YOUR GOAL: Whatever the records contain, reproduce all of them exactly.

EXTRACTED DATA:
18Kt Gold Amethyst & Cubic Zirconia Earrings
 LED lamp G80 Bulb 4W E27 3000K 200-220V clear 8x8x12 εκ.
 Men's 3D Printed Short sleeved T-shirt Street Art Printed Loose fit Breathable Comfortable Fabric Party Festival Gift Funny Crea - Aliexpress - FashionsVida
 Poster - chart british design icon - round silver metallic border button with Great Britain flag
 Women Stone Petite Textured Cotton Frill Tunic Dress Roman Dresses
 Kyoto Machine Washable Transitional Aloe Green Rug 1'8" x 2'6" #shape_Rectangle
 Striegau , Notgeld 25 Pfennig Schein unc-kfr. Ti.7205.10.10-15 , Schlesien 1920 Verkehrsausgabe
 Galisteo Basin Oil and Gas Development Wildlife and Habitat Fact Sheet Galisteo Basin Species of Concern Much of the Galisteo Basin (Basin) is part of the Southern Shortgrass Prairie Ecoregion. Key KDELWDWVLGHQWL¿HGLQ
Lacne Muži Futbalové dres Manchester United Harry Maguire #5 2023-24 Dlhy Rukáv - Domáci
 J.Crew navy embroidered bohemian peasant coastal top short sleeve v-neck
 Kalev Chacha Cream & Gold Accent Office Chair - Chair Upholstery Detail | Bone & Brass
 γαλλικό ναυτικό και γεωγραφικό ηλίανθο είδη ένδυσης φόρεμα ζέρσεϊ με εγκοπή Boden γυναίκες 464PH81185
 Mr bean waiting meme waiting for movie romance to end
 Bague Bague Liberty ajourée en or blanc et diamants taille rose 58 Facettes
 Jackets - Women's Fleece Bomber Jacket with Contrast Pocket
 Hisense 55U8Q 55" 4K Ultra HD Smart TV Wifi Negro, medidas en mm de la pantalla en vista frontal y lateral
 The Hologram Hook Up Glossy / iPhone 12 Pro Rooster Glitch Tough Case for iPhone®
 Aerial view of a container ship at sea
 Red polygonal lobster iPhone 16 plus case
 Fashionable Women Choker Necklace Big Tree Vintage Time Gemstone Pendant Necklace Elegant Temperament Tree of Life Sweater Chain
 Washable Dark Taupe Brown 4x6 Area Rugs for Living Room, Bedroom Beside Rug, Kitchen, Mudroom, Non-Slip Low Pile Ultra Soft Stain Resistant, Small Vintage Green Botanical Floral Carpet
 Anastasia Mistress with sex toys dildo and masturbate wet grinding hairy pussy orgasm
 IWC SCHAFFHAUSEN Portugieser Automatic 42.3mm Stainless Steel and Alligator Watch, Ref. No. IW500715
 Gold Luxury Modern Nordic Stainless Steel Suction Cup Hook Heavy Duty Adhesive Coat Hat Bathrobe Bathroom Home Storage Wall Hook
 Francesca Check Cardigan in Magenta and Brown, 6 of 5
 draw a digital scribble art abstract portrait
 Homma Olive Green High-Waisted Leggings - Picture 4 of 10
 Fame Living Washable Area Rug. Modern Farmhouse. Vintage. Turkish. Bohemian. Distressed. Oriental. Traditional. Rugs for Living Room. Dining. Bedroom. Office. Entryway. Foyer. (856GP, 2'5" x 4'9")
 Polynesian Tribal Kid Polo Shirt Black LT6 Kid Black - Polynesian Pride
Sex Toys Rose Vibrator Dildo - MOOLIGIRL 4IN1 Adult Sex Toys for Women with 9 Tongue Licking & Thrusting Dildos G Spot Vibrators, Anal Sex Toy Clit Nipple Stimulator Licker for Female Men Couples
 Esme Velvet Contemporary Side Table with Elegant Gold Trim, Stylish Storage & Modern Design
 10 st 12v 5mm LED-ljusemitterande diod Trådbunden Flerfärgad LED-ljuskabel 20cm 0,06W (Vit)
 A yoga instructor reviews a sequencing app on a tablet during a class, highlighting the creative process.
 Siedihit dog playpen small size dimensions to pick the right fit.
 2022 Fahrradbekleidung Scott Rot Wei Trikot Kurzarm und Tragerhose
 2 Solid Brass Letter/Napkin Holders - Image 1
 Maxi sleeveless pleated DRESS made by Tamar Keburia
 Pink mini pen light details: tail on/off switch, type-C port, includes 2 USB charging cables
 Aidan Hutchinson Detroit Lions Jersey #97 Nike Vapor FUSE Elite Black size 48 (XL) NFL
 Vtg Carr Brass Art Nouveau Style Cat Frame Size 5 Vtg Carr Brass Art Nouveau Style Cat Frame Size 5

EXPECTED ANSWER:
18Kt Gold Amethyst & Cubic Zirconia Earrings
 LED lamp G80 Bulb 4W E27 3000K 200-220V clear 8x8x12 εκ.
 Men's 3D Printed Short sleeved T-shirt Street Art Printed Loose fit Breathable Comfortable Fabric Party Festival Gift Funny Crea - Aliexpress - FashionsVida
 Poster - chart british design icon - round silver metallic border button with Great Britain flag
 Women Stone Petite Textured Cotton Frill Tunic Dress Roman Dresses
 Kyoto Machine Washable Transitional Aloe Green Rug 1'8" x 2'6" #shape_Rectangle
 Striegau , Notgeld 25 Pfennig Schein unc-kfr. Ti.7205.10.10-15 , Schlesien 1920 Verkehrsausgabe
 Galisteo Basin Oil and Gas Development Wildlife and Habitat Fact Sheet Galisteo Basin Species of Concern Much of the Galisteo Basin (Basin) is part of the Southern Shortgrass Prairie Ecoregion. Key KDELWDWVLGHQWL¿HGLQ
Lacne Muži Futbalové dres Manchester United Harry Maguire #5 2023-24 Dlhy Rukáv - Domáci
 J.Crew navy embroidered bohemian peasant coastal top short sleeve v-neck
 Kalev Chacha Cream & Gold Accent Office Chair - Chair Upholstery Detail | Bone & Brass
 γαλλικό ναυτικό και γεωγραφικό ηλίανθο είδη ένδυσης φόρεμα ζέρσεϊ με εγκοπή Boden γυναίκες 464PH81185
 Mr bean waiting meme waiting for movie romance to end
 Bague Bague Liberty ajourée en or blanc et diamants taille rose 58 Facettes
 Jackets - Women's Fleece Bomber Jacket with Contrast Pocket
 Hisense 55U8Q 55" 4K Ultra HD Smart TV Wifi Negro, medidas en mm de la pantalla en vista frontal y lateral
 The Hologram Hook Up Glossy / iPhone 12 Pro Rooster Glitch Tough Case for iPhone®
 Aerial view of a container ship at sea
 Red polygonal lobster iPhone 16 plus case
 Fashionable Women Choker Necklace Big Tree Vintage Time Gemstone Pendant Necklace Elegant Temperament Tree of Life Sweater Chain
 Washable Dark Taupe Brown 4x6 Area Rugs for Living Room, Bedroom Beside Rug, Kitchen, Mudroom, Non-Slip Low Pile Ultra Soft Stain Resistant, Small Vintage Green Botanical Floral Carpet
 Anastasia Mistress with sex toys dildo and masturbate wet grinding hairy pussy orgasm
 IWC SCHAFFHAUSEN Portugieser Automatic 42.3mm Stainless Steel and Alligator Watch, Ref. No. IW500715
 Gold Luxury Modern Nordic Stainless Steel Suction Cup Hook Heavy Duty Adhesive Coat Hat Bathrobe Bathroom Home Storage Wall Hook
 Francesca Check Cardigan in Magenta and Brown, 6 of 5
 draw a digital scribble art abstract portrait
 Homma Olive Green High-Waisted Leggings - Picture 4 of 10
 Fame Living Washable Area Rug. Modern Farmhouse. Vintage. Turkish. Bohemian. Distressed. Oriental. Traditional. Rugs for Living Room. Dining. Bedroom. Office. Entryway. Foyer. (856GP, 2'5" x 4'9")
 Polynesian Tribal Kid Polo Shirt Black LT6 Kid Black - Polynesian Pride
Sex Toys Rose Vibrator Dildo - MOOLIGIRL 4IN1 Adult Sex Toys for Women with 9 Tongue Licking & Thrusting Dildos G Spot Vibrators, Anal Sex Toy Clit Nipple Stimulator Licker for Female Men Couples
 Esme Velvet Contemporary Side Table with Elegant Gold Trim, Stylish Storage & Modern Design
 10 st 12v 5mm LED-ljusemitterande diod Trådbunden Flerfärgad LED-ljuskabel 20cm 0,06W (Vit)
 A yoga instructor reviews a sequencing app on a tablet during a class, highlighting the creative process.
 Siedihit dog playpen small size dimensions to pick the right fit.
 2022 Fahrradbekleidung Scott Rot Wei Trikot Kurzarm und Tragerhose
 2 Solid Brass Letter/Napkin Holders - Image 1
 Maxi sleeveless pleated DRESS made by Tamar Keburia
 Pink mini pen light details: tail on/off switch, type-C port, includes 2 USB charging cables
 Aidan Hutchinson Detroit Lions Jersey #97 Nike Vapor FUSE Elite Black size 48 (XL) NFL
 Vtg Carr Brass Art Nouveau Style Cat Frame Size 5 Vtg Carr Brass Art Nouveau Style Cat Frame Size 5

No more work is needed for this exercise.